Given data:
^^^^

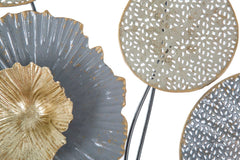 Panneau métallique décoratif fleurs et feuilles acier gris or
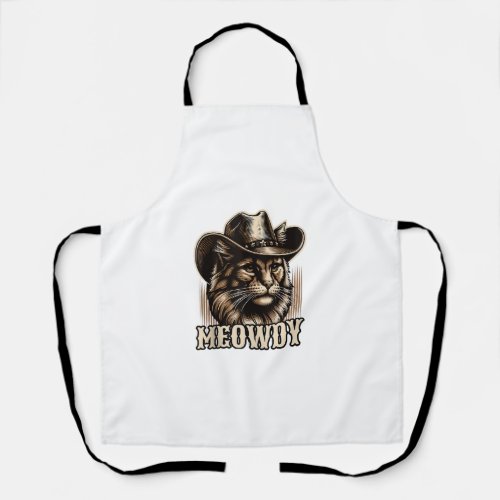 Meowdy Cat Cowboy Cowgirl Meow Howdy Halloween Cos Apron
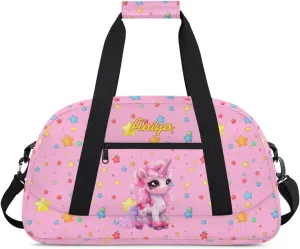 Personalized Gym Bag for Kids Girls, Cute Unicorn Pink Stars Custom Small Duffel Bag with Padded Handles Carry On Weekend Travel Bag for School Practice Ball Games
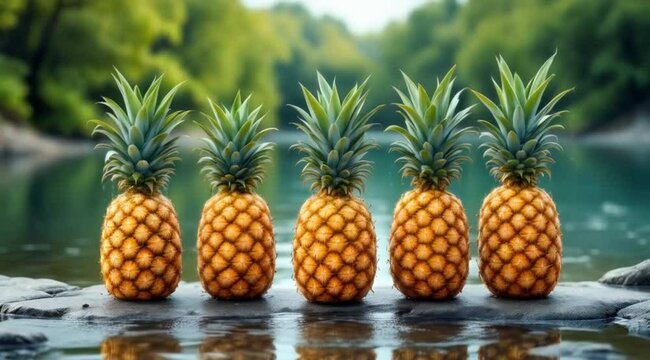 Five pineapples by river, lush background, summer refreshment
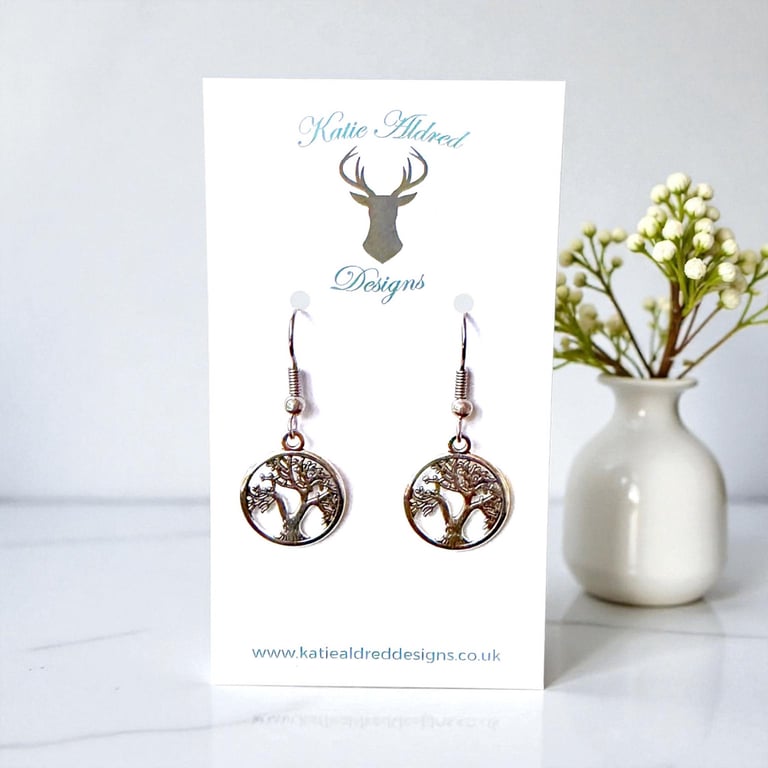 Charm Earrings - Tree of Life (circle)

^^^^

The problem:
Would you transcribe all of the entries above exactly, minus the images?

Result of the task:
 Panneau métallique décoratif fleurs et feuilles acier gris or
 Meowdy Cat Cowboy Cowgirl Meow Howdy Halloween Cos Apron
 Personalized Gym Bag for Kids Girls, Cute Unicorn Pink Stars Custom Small Duffel Bag with Padded Handles Carry On Weekend Travel Bag for School Practice Ball Games
 Five pineapples by river, lush background, summer refreshment
 Charm Earrings - Tree of Life (circle)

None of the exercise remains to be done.